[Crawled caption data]
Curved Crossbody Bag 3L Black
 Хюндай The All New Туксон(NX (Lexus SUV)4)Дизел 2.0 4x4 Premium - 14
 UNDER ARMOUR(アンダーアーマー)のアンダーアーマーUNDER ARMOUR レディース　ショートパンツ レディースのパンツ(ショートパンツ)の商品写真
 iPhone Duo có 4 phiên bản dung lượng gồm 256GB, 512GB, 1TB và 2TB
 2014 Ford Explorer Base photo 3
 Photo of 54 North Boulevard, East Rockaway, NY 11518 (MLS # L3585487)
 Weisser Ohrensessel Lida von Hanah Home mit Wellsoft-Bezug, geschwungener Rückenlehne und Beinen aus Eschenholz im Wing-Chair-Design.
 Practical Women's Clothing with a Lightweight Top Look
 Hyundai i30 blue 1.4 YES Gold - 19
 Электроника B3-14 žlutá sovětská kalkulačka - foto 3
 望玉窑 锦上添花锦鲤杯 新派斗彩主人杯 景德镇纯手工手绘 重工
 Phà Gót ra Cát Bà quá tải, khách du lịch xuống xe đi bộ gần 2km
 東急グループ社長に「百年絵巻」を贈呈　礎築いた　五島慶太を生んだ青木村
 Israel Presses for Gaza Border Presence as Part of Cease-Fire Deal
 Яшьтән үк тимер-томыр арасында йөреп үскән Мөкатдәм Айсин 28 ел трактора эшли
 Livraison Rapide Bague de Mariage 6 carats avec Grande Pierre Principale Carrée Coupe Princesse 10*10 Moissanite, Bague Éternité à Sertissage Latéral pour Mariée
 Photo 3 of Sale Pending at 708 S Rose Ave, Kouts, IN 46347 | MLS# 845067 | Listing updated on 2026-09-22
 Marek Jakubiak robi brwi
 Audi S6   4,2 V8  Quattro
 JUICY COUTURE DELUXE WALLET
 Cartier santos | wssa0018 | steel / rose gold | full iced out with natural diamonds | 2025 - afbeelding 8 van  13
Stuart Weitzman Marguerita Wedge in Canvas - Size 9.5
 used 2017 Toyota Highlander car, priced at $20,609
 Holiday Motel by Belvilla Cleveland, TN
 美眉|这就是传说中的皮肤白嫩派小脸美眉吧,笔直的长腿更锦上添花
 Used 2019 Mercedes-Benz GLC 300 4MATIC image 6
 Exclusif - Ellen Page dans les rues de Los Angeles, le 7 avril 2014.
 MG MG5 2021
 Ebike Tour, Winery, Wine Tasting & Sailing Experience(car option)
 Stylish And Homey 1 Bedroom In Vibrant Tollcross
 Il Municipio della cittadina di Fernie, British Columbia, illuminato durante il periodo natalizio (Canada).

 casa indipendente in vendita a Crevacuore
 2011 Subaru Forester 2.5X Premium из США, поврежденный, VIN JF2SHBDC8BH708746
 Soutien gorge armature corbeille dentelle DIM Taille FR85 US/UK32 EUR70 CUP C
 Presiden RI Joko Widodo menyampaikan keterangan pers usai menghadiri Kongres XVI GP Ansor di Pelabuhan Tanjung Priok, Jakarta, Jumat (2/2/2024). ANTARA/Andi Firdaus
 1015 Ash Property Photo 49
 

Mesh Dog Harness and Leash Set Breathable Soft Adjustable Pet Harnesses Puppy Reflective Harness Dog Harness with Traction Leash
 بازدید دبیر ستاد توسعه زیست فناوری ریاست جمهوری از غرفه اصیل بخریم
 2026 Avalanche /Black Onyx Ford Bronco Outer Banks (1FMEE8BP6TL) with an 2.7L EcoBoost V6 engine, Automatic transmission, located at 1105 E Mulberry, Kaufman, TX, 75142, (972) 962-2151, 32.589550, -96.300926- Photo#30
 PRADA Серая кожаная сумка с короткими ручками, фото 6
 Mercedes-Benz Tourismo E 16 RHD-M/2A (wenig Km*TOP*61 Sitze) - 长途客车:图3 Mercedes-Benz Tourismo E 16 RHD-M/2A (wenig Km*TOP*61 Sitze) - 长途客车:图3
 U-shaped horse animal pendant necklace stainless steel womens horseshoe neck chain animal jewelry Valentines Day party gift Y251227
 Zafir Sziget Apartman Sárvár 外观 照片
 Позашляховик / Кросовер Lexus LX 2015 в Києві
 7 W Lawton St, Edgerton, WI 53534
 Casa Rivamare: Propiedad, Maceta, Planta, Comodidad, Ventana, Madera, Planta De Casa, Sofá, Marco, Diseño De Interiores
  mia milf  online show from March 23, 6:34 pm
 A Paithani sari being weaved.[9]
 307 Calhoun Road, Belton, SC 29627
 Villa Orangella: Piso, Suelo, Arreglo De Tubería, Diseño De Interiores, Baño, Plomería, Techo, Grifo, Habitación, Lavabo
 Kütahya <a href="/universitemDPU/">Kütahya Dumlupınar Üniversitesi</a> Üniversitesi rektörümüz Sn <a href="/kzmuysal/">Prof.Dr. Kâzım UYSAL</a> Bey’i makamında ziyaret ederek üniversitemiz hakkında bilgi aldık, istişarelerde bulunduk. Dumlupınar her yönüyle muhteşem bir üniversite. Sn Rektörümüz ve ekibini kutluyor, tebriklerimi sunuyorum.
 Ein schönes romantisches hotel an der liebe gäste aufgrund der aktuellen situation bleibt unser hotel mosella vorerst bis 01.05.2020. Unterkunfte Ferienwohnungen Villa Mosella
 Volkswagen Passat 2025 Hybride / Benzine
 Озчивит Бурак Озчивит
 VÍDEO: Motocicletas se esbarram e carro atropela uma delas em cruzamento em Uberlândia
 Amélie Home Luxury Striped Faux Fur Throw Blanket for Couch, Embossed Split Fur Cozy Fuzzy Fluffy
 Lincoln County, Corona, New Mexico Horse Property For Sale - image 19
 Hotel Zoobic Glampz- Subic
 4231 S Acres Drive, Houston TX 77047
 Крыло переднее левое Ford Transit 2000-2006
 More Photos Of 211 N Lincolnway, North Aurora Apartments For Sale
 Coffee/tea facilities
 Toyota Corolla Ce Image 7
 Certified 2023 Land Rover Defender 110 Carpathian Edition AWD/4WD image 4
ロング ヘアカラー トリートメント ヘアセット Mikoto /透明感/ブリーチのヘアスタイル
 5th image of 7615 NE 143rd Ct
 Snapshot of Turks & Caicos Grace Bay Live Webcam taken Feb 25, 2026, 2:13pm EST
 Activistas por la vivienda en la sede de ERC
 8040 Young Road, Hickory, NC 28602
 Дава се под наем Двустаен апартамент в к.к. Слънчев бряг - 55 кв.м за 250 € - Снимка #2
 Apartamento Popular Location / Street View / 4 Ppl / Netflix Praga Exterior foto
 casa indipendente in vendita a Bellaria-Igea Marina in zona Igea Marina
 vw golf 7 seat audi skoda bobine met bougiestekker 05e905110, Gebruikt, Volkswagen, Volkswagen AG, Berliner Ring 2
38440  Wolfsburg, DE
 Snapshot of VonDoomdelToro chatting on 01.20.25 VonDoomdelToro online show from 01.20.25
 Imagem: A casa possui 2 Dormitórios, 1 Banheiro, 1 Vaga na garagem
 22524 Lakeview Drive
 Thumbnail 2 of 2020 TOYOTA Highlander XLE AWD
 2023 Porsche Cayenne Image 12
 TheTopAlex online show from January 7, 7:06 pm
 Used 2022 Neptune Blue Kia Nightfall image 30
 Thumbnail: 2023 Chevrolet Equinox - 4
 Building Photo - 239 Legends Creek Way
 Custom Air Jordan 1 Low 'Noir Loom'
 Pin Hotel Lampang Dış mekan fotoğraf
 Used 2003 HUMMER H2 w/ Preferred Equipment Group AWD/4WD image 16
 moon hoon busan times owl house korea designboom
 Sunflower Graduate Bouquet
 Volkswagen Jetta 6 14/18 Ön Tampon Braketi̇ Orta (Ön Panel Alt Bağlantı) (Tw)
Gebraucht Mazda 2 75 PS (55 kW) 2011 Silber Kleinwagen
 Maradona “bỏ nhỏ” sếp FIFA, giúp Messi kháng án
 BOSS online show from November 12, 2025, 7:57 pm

# Description of the task
Out of the entries, pull every line that mentions "show".

# Final answer
  mia milf  online show from March 23, 6:34 pm
 Snapshot of VonDoomdelToro chatting on 01.20.25 VonDoomdelToro online show from 01.20.25
 TheTopAlex online show from January 7, 7:06 pm
 BOSS online show from November 12, 2025, 7:57 pm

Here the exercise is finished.